At the 2011 Trade Deadline, Seattle saw value in Robinson. He became part of a three-team deal in which headliners Erik Bedard and Josh Fields moved to Boston while L.A. shipped Robinson to the Mariners.
Five days later, Robinson made his Major League debut on Aug. 5, batting ninth against All-Star Jered Weaver, who was in the midst of an 18-8 season. By the time Robinson dug in with two out in the bottom of the third inning, Weaver had yielded two hits but had faced the minimum, thanks to a pickoff and a runner caught stealing. Robinson whiffed for Weaver's third punchout of the frame.
In the bottom of the third, Angels slugger Torii Hunter stepped to the dish against lefty Jason Vargas. With two down and Bobby Abreu leading off first base, Vargas left an 80-mph offering in the strike zone, and Hunter cranked the ball toward the left-field seats. Robinson raced to the wall...

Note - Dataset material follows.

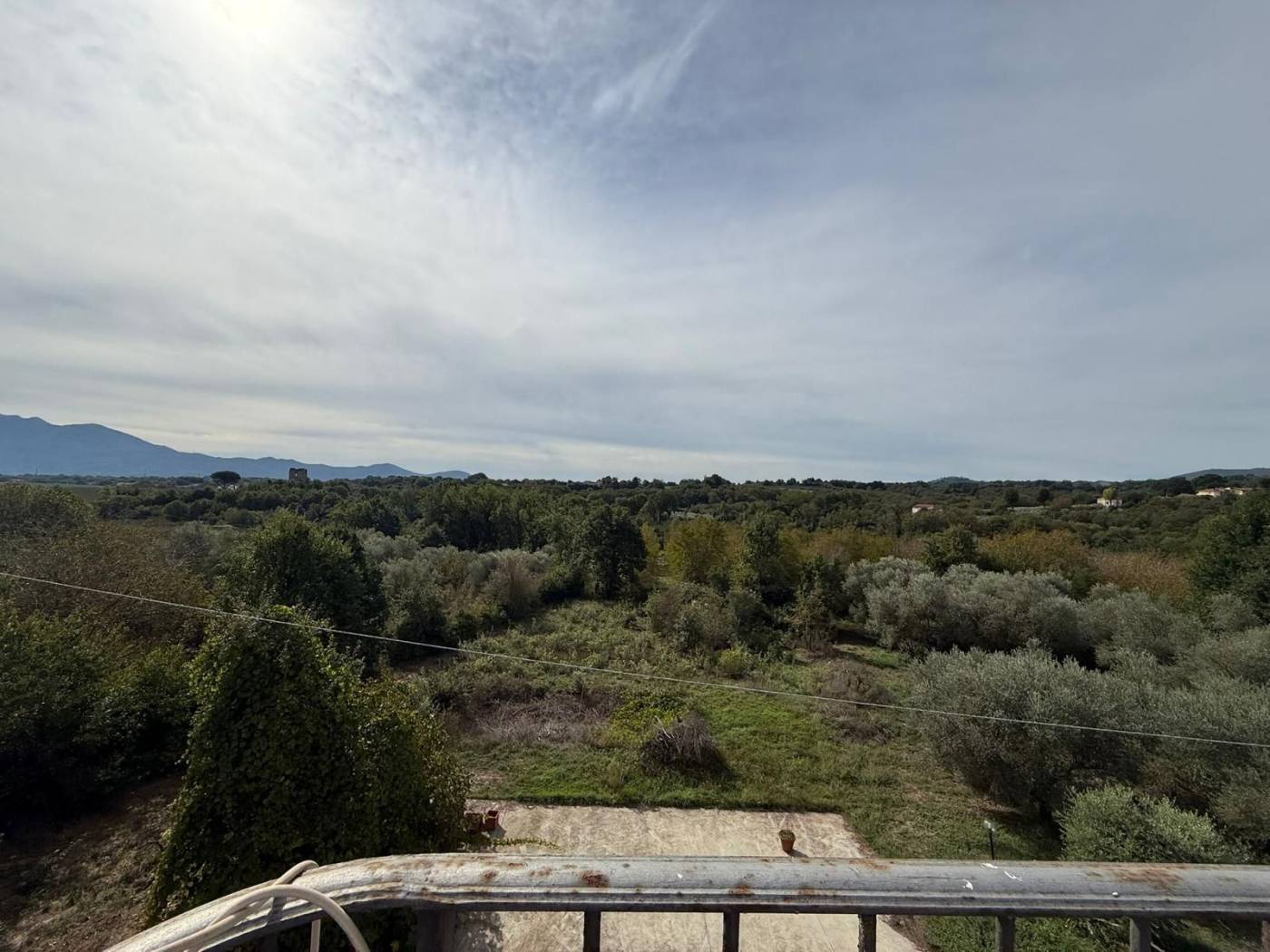 Vista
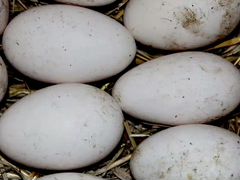 Инкубационнные яйца гуей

For Trayvon Robinson, life on the bubble means he's not too old to keep grinding. Elaine Thompson/AP

Playing in front of family and friends, Robinson had made a highlight-reel grab -- and robbed Hunter of a homer -- and the first thing he thought about was "Where's my hat?" While making the grab, his cap fell into the first row of seats. A fan handed it back to the newest member of the SportsCenter Top 10 fraternity.
Robinson chalked up his first big league hit in the sixth -- also against Weaver, who would be runner-up to Detroit's Justin Verlander in the Cy Young voting. He finished 1-for-3 in the Mariners' 1-0 loss in 10 innings.
The next night, he homered in the seventh to chase Angels starter Tyler Chatwood. Two games into his Major League career and Robinson was flying high. (Fun fact: He does not like flying. "I like traveling, but I'd much rather ride," he said.)
"You know, I was young, 23 years old. I thought I had it made," Robinson admitted. "Maybe not technically 'had it made,' but I believed it for that first month. And then September came around, and my playing time just slowed down."
Across the final two months of the season, Robinson batted .210 with two homers, 14 RBIs and 12 runs. Seattle finished 67-95, last in the American League West.
"I came back into Spring Training and did well, hit like .550 with like 20 at-bats, limited time," he said. Officially, he was 9-for-17 (.529) with the eighth-fewest at-bats. When the Mariners broke camp for a two-game set in Japan against Oakland, the team's outfielders were Mike Carp, Carlos Peguero, Michael Saunders, Ichiro Suzuki and Caspee Wells.
"And I got sent down to Triple-A," Robinson said. "I guess that's when reality started coming."
Expecting to spend his summer in the Great Northwest, Robinson had envisioned Seattle -- not Tacoma. "I took my three days [to report]," he said. "I literally just left. I didn't pick up a bat. I didn't look at a baseball. For three days, I didn't want to think about baseball.
"I didn't want to come back real salty. I can't be salty at 24 years old, but yeah, I was pissed. I was. I didn't know what road [the Mariners] was trying to go. I was asking myself, 'Why the hell would you trade for me?' It was a lot of stuff going through my head, and I just knew that I had to get away."
His stay at Triple-A lasted 83 games, during which he hit .265 with nine homers, 50 runs scored, 41 RBIs and 19 stolen bases. On July 24, he returned to Seattle.
"I'm a real big believer in you've got to use everything you got, man," Robinson said. "Not just one tool, so I just wanted to keep it up -- hit, run, do everything I could."
Back in the Major Leagues, he batted .221 across 46 games. Robinson's last big league appearance to date was against the Angels on Oct. 3, 2012, the season finale. He went 2-for-4 and scored once as Seattle bested 20-game winner Weaver and Rookie of the Year Mike Trout in a 12-0 victory.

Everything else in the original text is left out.